Humble was right. There was a lot of space, to be sure, and a lovely hardwood floor, but not much else. Wall-to-wall computers, a coffee machine, and a mattress in the corner. No new paint, no curtains, no decorations of any kind, and the only furniture was purely utilitarian: folding tables for the computers and a big ergonomic chair.
“I’d offer you something to drink but I think you may have had enough caffeine today, and everything I’ve got falls into the Jolt category.”
“Jenny,” I said, “when we get back to school, you’re going into therapy. Or at the very least, sitting down with your folks and your priest and talking about some of this stuff.” I sat on the nearest office chair. “I’d say you should take your problems to Rose & Grave, but—”
“You don’t think they’ll have me back?” She shot me a rueful smile.
Frankly, no. But aside from that…“I was going to say, it doesn’t seem like you put a lot of faith in what we do.”
“And you do?”
“I—”
“It won’t matter pretty soon anyway. Take a look.” She sat in front of one of the consoles and brought the screen to life. “Remember back at the beginning of school when we got those weird e-mails?”
“The rhyming ones?”
“That you guys made non-stop fun of? Yes, that one.” She pulled up a few windows. “Well, I sent it. And in an unprecedented display of disinterest, you promptly ignored it.”
“No, we just didn’t understand it.”
“I was trying to spark a little investigation, Amy. Thought if the Diggirls were worried about what was happening, they’d look into it.”
Well, we’d tried to look into it. Even tried to get Jenny to do some research, but she’d washed her hands of the whole matter. “Jenny, please. What do you mean, ‘what was happening’?”
“Your society is being pulled out from under you and you don’t even know it.”
“What? Why didn’t you just tell us, then?”
“Hi, remember, secret agent bent on destruction? I couldn’t really help you outright.”
I rolled my eyes. “Like we’d run and tattle on you to your boyfriend? Jenny, I repeat: therapy. Sometimes it’s okay to come out and tell a person something.”
“I’m trying to do that right now. Look.” She pointed at the screen and I leaned in. “Certain members of the club have, since the beginning of school, been involved in a secret pact to form a society within Rose & Grave.
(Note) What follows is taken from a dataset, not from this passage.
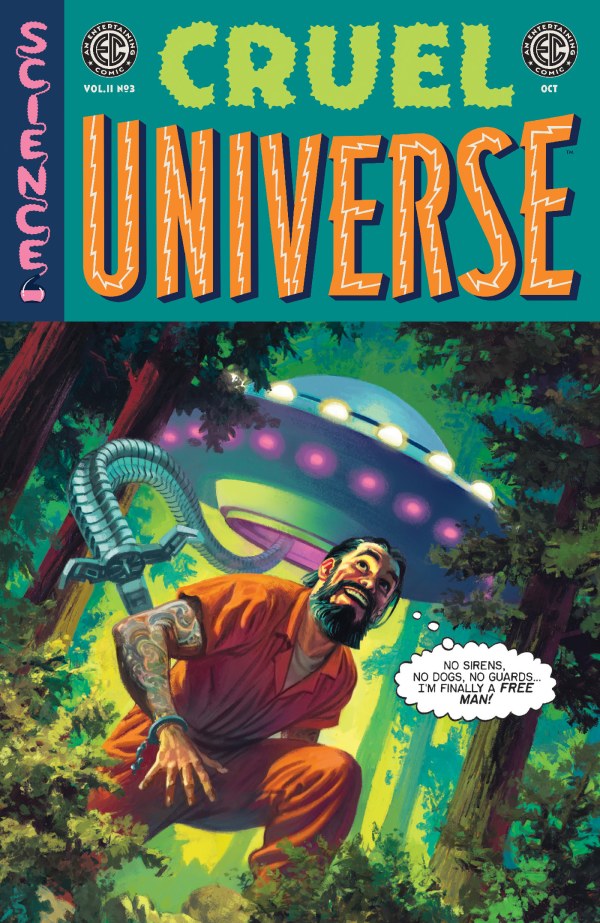 Cruel Universe #3 Cover B Greg Smallwood Variant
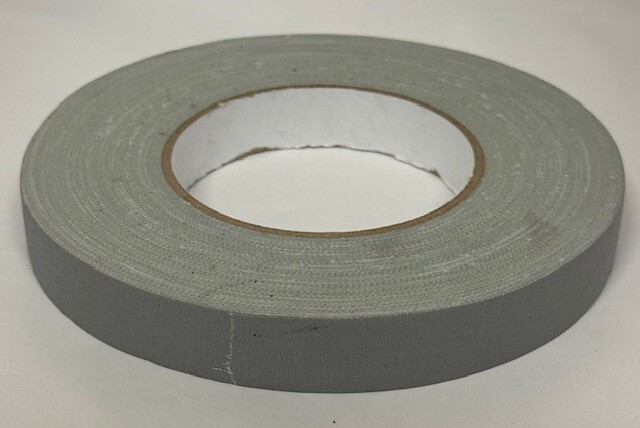 Gaffer Tape Seconds Grey 3/4″ x 55 yds.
A males-only version that they feel has been unjustly taken from them. I’ve been tracking their e-mails since shopping period.”
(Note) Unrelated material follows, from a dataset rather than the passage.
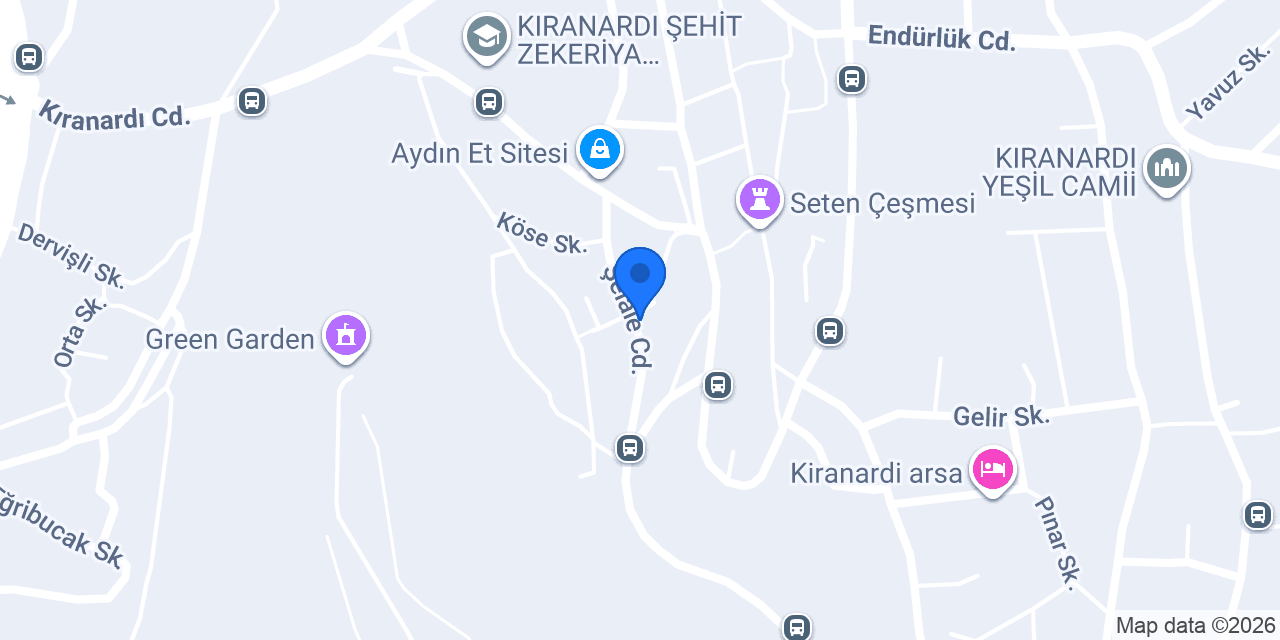 İncesu Halk Eğitim Merkezi konumu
Cut through the web in which you’re caught. “Wait, you’ve been what?”
She shrugged. “It was an easy hack. Phimalarlico security is designed to keep outsiders out, not to keep insiders from snooping around.” Kind of like the doors on Old Campus. “I can read anyone’s e-mails if I want.”
“I’ll sleep better knowing that. Now, what are these guys doing?”
“Systematically disenfranchising you.” She handed me a stack of printouts. “They meet in secret to discuss the details of their society, and have slowly been siphoning off money from the trust.”
“They’ve been stealing our cash?”
“Through the help of interested parties on the TTA board. The unfriendly patriarchs? They aren’t gone, they’ve just transferred their ‘allegiance’ to Elysion. If Elysion gets enough support, enough money, your society will be a joke.”
I skimmed through the e-mails, all of which were addressed to people called things like Theseus-X1 and Hector-X1. Some of the conversations were little more than chatter, or harsh rundowns of what had happened at Rose & Grave meetings and how to avoid such “embarrassments” once the switch took place. They’d increased in frequency ever since the Straggler Initiation Night, and mentioned losing Howard as a catalyst to gain support. Many spoke of money, or how the movement within the patriarchy was gaining ground. “Elysion, huh?” I said. “Like the Elysian Fields, the heaven of the Greek underworld, reserved for heroes?”
“Exactly.”
“So who are they?”
“I’ve been slowly putting together a key to their identities, based on timing and content of the messages. It would usually be easy, given ISP addresses, but the Eli wireless system makes that tough.” Jenny looked at me. “This is all I’ve got so far. Brace yourself.” And then she handed me a list:
ELYSION MEMBERS
Hades = Kurt Gehry
Hector = Nikolos Kandes
Theseus = George Harrison Prescott
Ajax = Benjamin Edwards
Orion = Omar Mathabane
Orpheus = Kevin Lee
Nestor = James Orcutt
I swallowed hard and leaned back against my seat. Stay cool. You don’t have enough energy left to indulge in rage. Deal with it. “Who started this?” I choked out.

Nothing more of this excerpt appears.